> _Aim of the task_: Given the entries that follow, write out exactly the lines starting at the one containing "Kylin Model 1:400" and ending at the one containing "Buffet breakfast, Restaurant/Places", both ends included, and only those.

> _Material provided_:
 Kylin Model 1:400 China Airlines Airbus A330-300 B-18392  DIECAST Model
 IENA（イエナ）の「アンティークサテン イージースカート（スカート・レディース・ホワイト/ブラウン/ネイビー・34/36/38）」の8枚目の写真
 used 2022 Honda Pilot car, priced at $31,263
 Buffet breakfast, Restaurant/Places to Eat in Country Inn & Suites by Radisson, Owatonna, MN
--
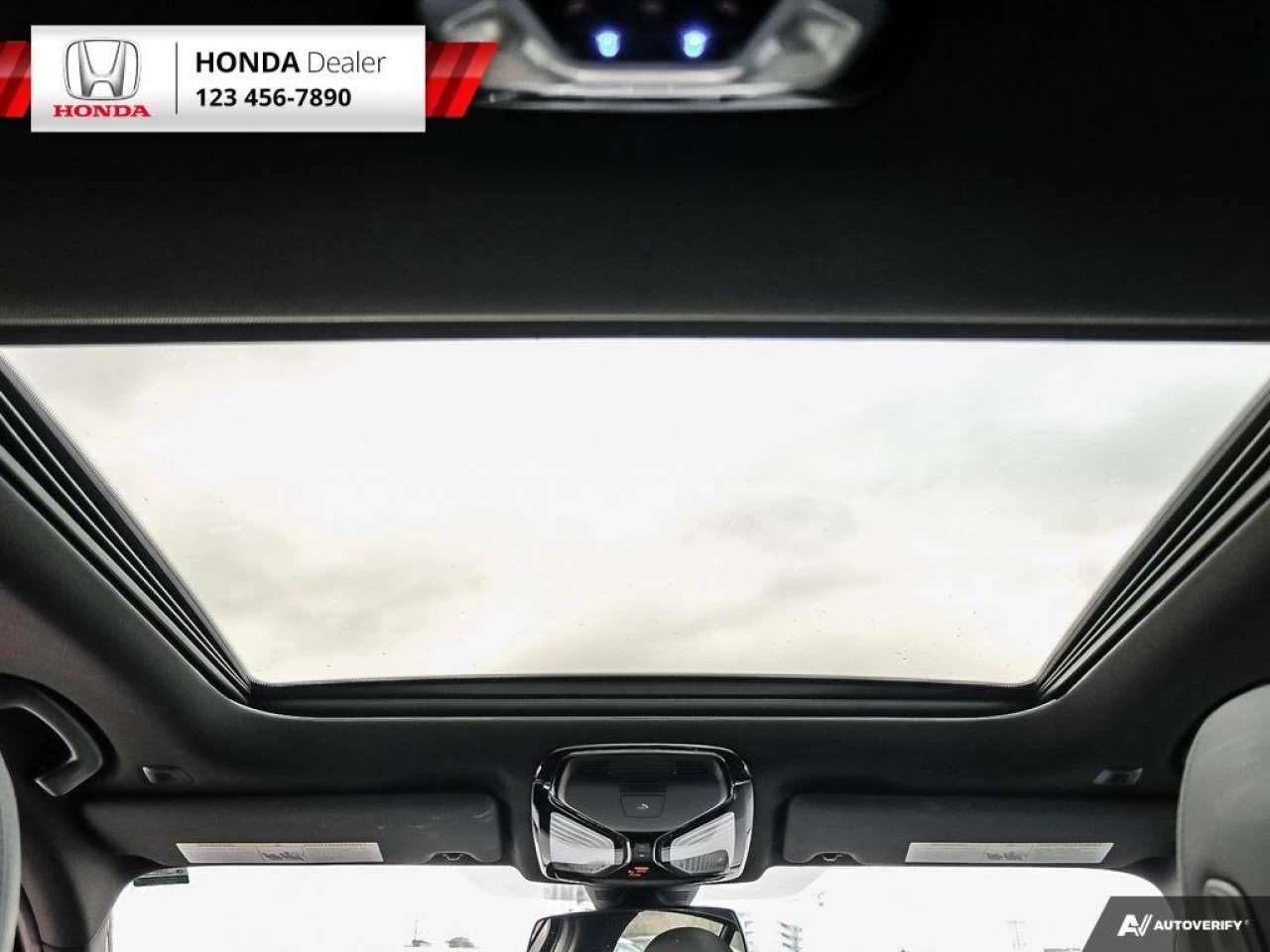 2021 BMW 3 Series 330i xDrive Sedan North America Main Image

> _Task answer_:
 Kylin Model 1:400 China Airlines Airbus A330-300 B-18392  DIECAST Model
 IENA（イエナ）の「アンティークサテン イージースカート（スカート・レディース・ホワイト/ブラウン/ネイビー・34/36/38）」の8枚目の写真
 used 2022 Honda Pilot car, priced at $31,263
 Buffet breakfast, Restaurant/Places to Eat in Country Inn & Suites by Radisson, Owatonna, MN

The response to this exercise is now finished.